At [57] the Delegate stated:
“there is no requirement that D2 explicitly hypothesise or test for a lower level of somnolence to provide clear and unmistakable directions to the method of claim 1. ……….the steps set out in D2 can only be carried out in a way that would fall within the scope of claim 1, including with respect to generating a lower level of somnolence. Therefore, I must conclude that the result of treating pain with a lower level of somnolence is an inevitable result of D2. As such it is not required to be explicitly stated that achieving a lower level of the specific side effect of somnolence is the goal for there to be anticipation of the Swiss style claims or method claims.”
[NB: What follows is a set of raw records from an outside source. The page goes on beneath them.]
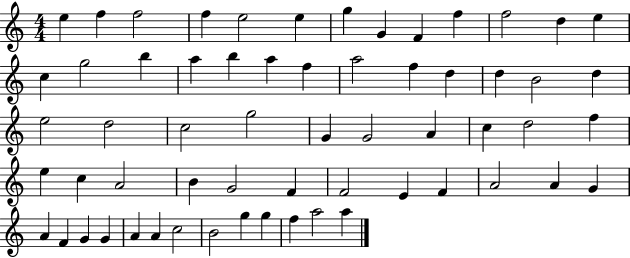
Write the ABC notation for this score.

X:1
T:Untitled
M:4/4
L:1/4
K:C
e f f2 f e2 e g G F f f2 d e c g2 b a b a f a2 f d d B2 d e2 d2 c2 g2 G G2 A c d2 f e c A2 B G2 F F2 E F A2 A G A F G G A A c2 B2 g g f a2 a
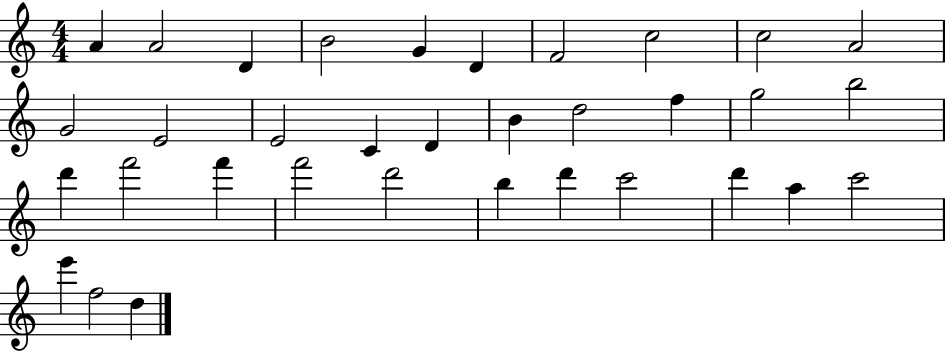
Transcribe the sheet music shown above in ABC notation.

X:1
T:Untitled
M:4/4
L:1/4
K:C
A A2 D B2 G D F2 c2 c2 A2 G2 E2 E2 C D B d2 f g2 b2 d' f'2 f' f'2 d'2 b d' c'2 d' a c'2 e' f2 d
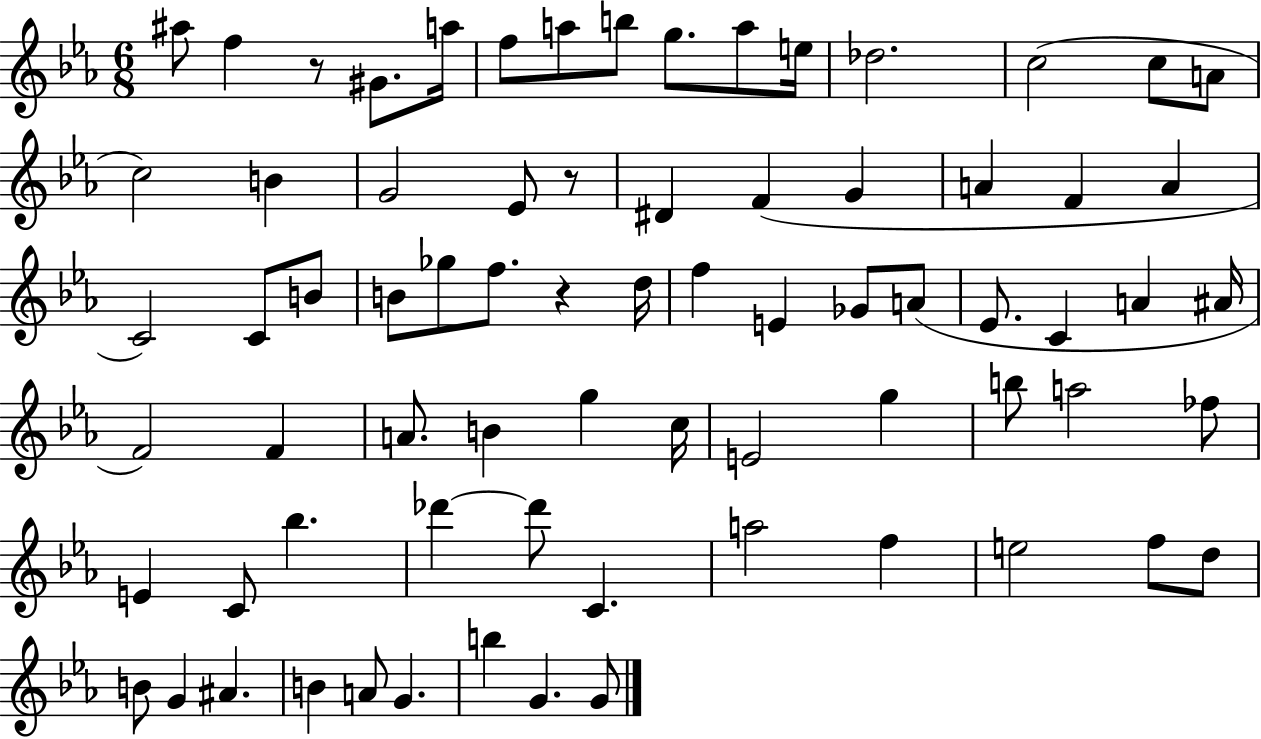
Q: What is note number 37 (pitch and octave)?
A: C4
In reaching this conclusion, the Delegate relied on the Full Federal Court decision in Mylan Health Pty Ltd v Sun Pharma ANZ Pty Ltd [2020] FCAFC 116 in which the Full Court stated at [104]:
“We do not accept that a documentary disclosure containing a hypothesis cannot be an anticipatory disclosure that deprives an invention of novelty. In such a case the question, simply put, remains: what does the prior document disclose? The occasion on which, or the context in which, a particular documentary disclosure is made may well inform the interpretation of the document’s content. But if, as a matter of interpretation, the document nonetheless discloses that which is later claimed as an invention, that disclosure will anticipate the invention and deprive it of novelty.”
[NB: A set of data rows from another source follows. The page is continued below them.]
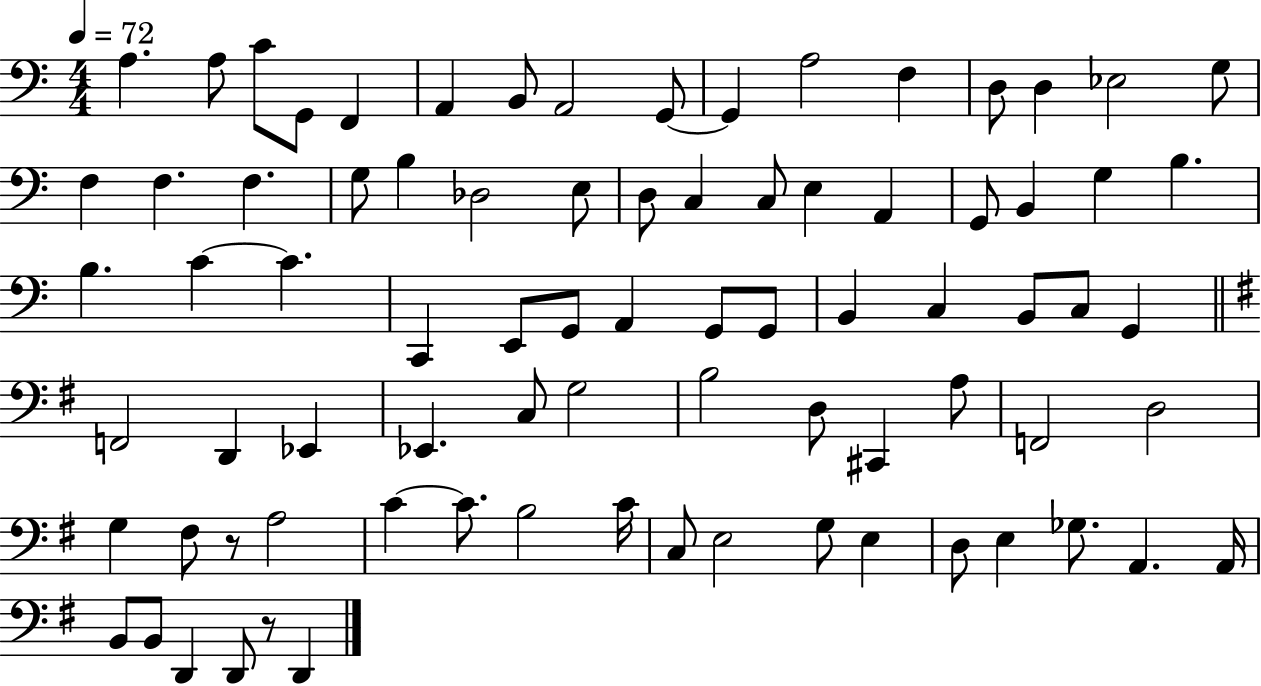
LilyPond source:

{
  \clef bass
  \numericTimeSignature
  \time 4/4
  \key c \major
  \tempo 4 = 72
  a4. a8 c'8 g,8 f,4 | a,4 b,8 a,2 g,8~~ | g,4 a2 f4 | d8 d4 ees2 g8 | \break f4 f4. f4. | g8 b4 des2 e8 | d8 c4 c8 e4 a,4 | g,8 b,4 g4 b4. | \break b4. c'4~~ c'4. | c,4 e,8 g,8 a,4 g,8 g,8 | b,4 c4 b,8 c8 g,4 | \bar "||" \break \key g \major f,2 d,4 ees,4 | ees,4. c8 g2 | b2 d8 cis,4 a8 | f,2 d2 | \break g4 fis8 r8 a2 | c'4~~ c'8. b2 c'16 | c8 e2 g8 e4 | d8 e4 ges8. a,4. a,16 | \break b,8 b,8 d,4 d,8 r8 d,4 | \bar "|."
}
The Delegate then went on to find that the claims which lacked novelty also lacked an inventive step on the basis that there was nothing inventive about carrying out methods and treatments that had already been disclosed.
Outcome and Implications
Accordingly, the majority of the claims (including claim 1) were found to lack novelty and inventive step. The Delegate, however, did find certain claims to be allowable and provided Grunenthal with an opportunity to file claim amendments based on the allowable subject matter.
The Delegate’s decision illustrates the power of a re-examination request when there is strong prior art which can be cited against the patent. This decision is also yet another example of prior art clinical trial information being found to anticipate the claimed invention, despite the clinical trial information not providing any scientific proof or substantiation of the results.